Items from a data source
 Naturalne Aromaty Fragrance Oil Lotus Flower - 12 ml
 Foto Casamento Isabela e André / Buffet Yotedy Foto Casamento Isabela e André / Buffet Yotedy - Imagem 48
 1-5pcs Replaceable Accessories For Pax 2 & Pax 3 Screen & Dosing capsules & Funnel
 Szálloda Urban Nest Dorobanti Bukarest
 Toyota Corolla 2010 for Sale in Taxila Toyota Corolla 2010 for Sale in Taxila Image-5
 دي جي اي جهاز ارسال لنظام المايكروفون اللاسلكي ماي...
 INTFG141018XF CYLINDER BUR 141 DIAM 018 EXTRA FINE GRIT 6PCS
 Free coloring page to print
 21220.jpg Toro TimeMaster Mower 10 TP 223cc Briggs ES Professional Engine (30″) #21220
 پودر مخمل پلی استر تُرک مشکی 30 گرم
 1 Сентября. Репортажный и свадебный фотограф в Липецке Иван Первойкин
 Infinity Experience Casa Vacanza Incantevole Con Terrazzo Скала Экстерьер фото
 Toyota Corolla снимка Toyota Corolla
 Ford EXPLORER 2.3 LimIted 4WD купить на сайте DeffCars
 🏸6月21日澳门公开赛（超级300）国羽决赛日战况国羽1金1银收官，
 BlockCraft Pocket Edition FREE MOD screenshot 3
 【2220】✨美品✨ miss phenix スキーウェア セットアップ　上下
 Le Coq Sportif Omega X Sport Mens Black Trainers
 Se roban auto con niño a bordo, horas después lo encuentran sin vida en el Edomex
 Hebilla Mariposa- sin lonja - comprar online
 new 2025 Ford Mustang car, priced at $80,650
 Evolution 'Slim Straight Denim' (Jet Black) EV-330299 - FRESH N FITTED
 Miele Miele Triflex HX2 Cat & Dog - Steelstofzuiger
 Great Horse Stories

Task description:
The lines to copy are those above that contain "Toyota".

Reply to the exercise:
 Toyota Corolla 2010 for Sale in Taxila Toyota Corolla 2010 for Sale in Taxila Image-5
 Toyota Corolla снимка Toyota Corolla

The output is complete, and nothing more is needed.